--- What you should do ---
Work through the listing below and give again exactly the lines from the one with "YOURS LONDON Plus" to the one with "Leather Smart Case", both ends included. All other lines and all pictures stay out.

--- Supplied material ---
+ + +

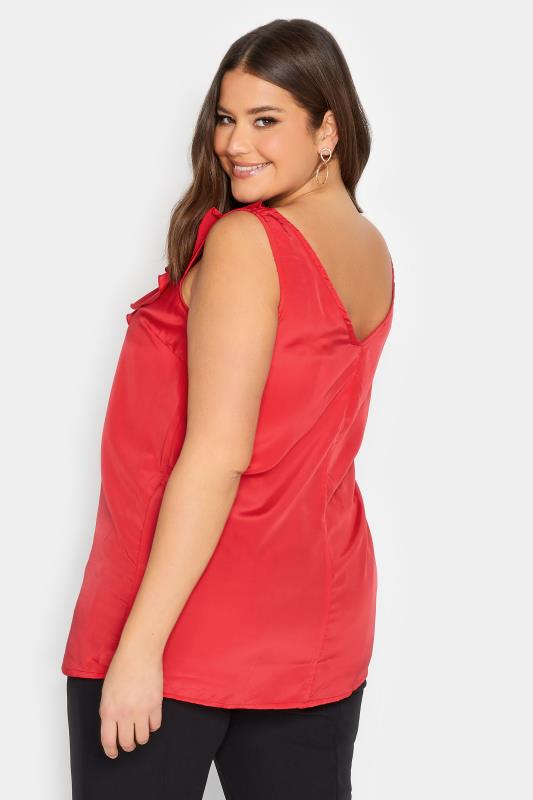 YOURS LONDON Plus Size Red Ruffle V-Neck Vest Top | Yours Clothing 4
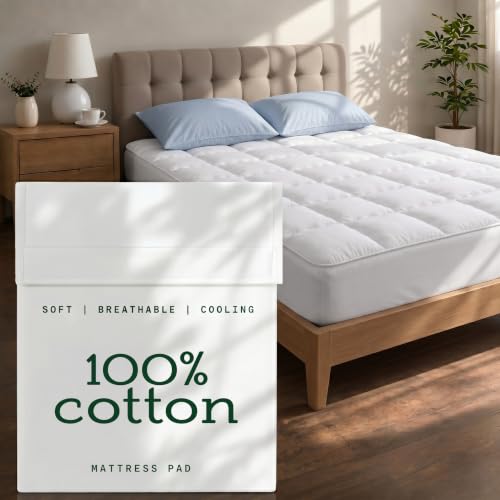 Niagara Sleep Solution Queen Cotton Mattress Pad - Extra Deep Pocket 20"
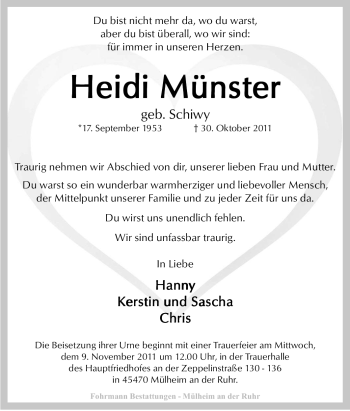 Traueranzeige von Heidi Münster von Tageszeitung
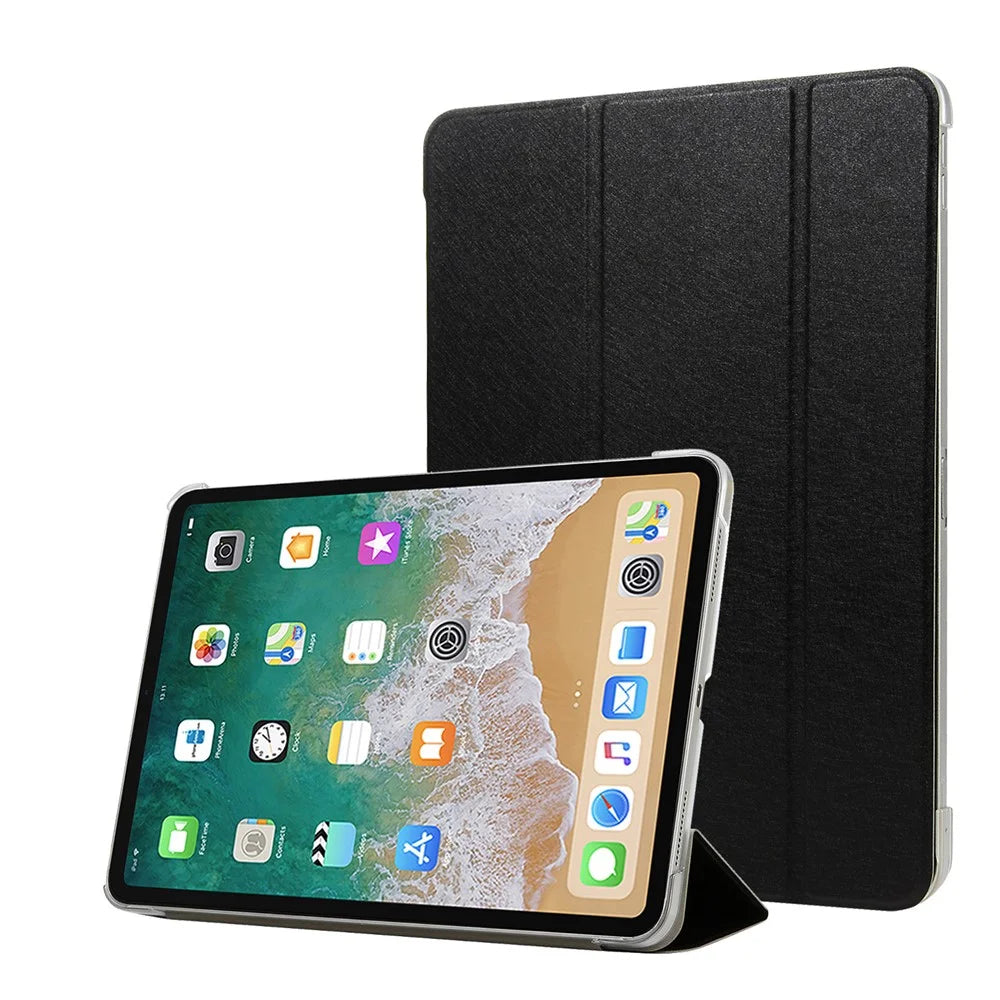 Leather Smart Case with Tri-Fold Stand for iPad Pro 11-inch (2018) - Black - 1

+ + +

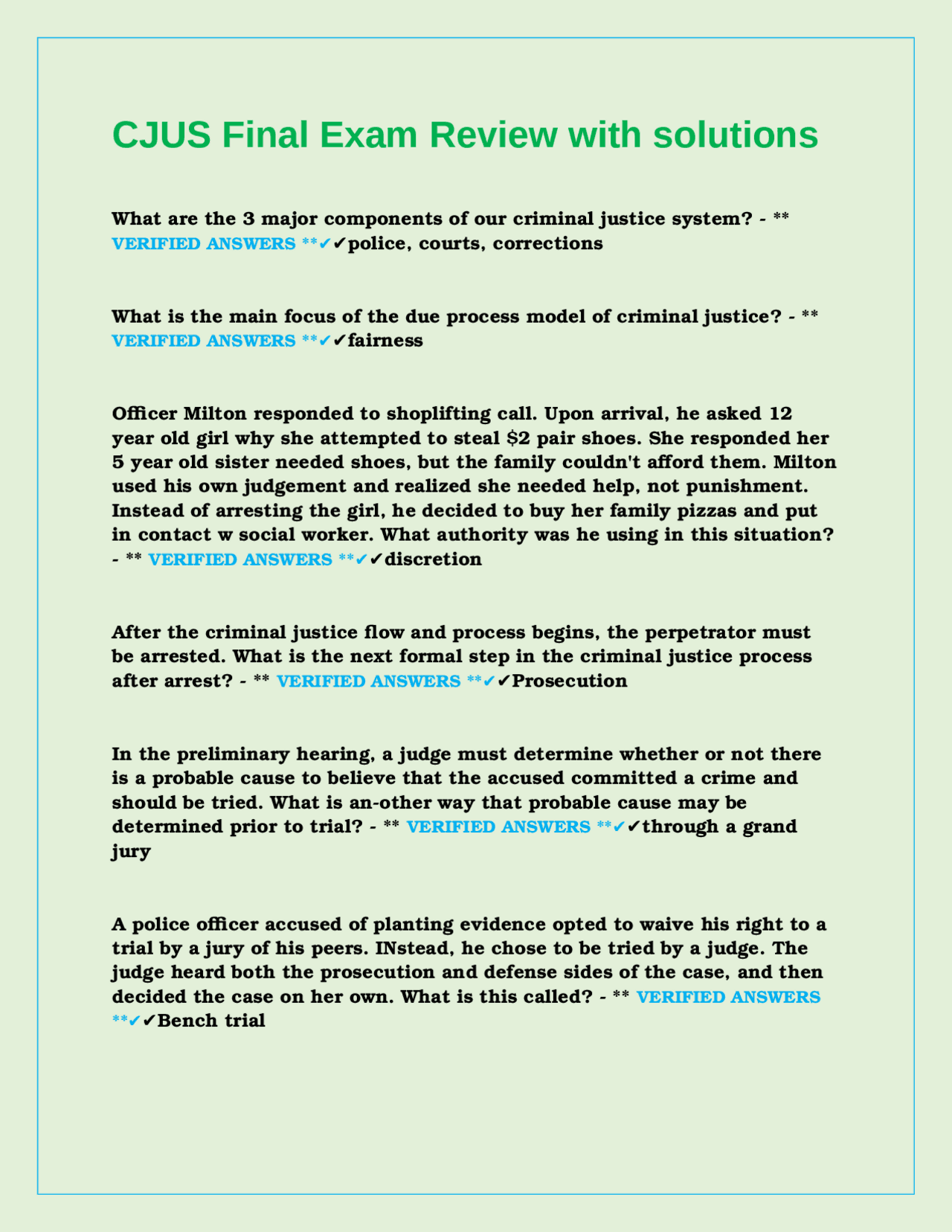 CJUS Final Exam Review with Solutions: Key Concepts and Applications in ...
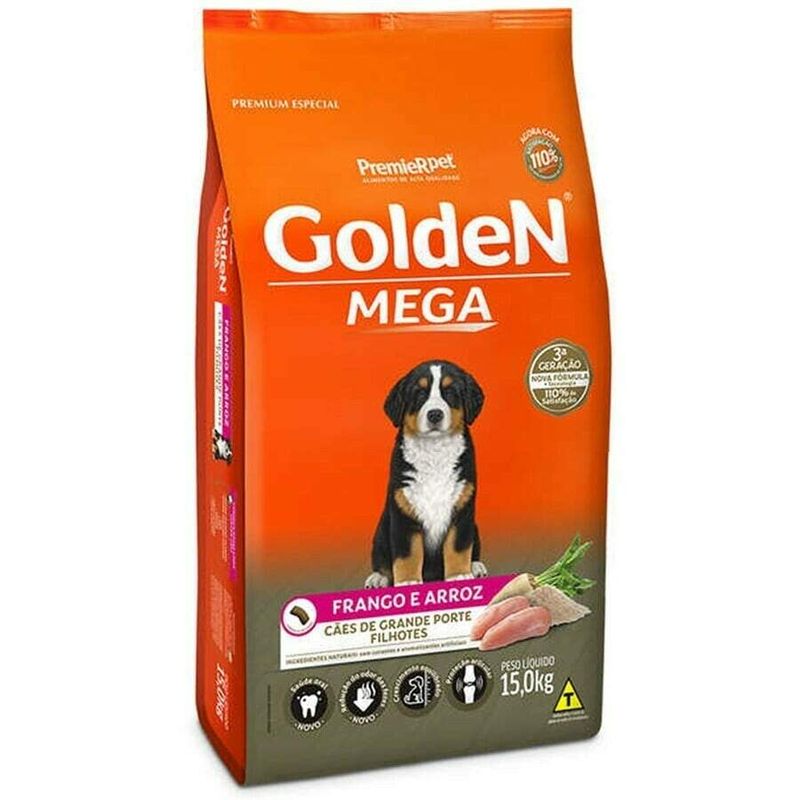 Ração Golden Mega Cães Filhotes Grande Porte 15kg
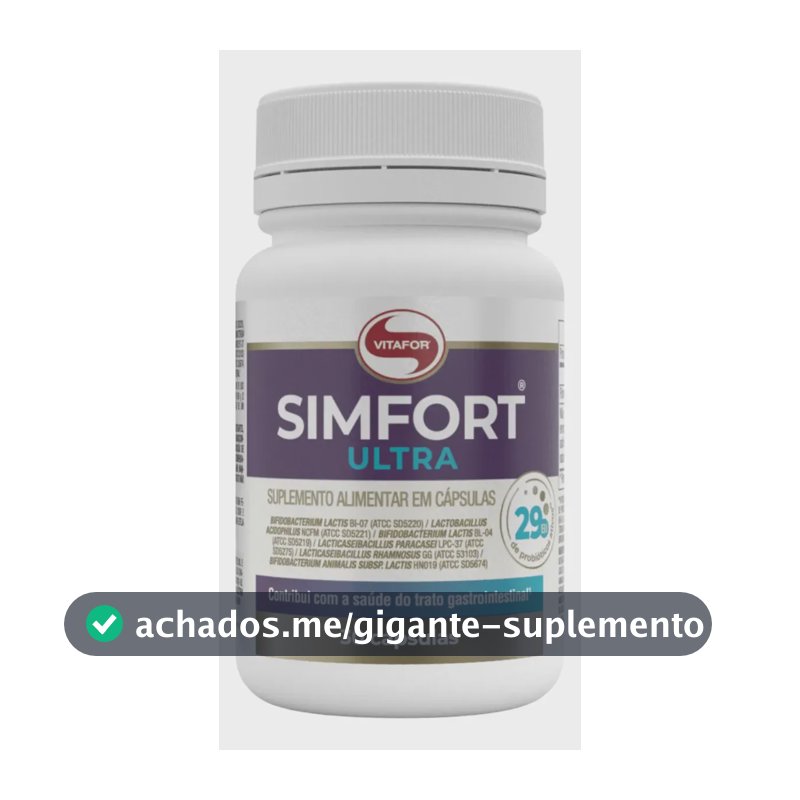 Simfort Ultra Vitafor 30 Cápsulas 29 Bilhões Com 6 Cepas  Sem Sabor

+ + +

--- Task result ---
 YOURS LONDON Plus Size Red Ruffle V-Neck Vest Top | Yours Clothing 4
 Niagara Sleep Solution Queen Cotton Mattress Pad - Extra Deep Pocket 20"
 Traueranzeige von Heidi Münster von Tageszeitung
 Leather Smart Case with Tri-Fold Stand for iPad Pro 11-inch (2018) - Black - 1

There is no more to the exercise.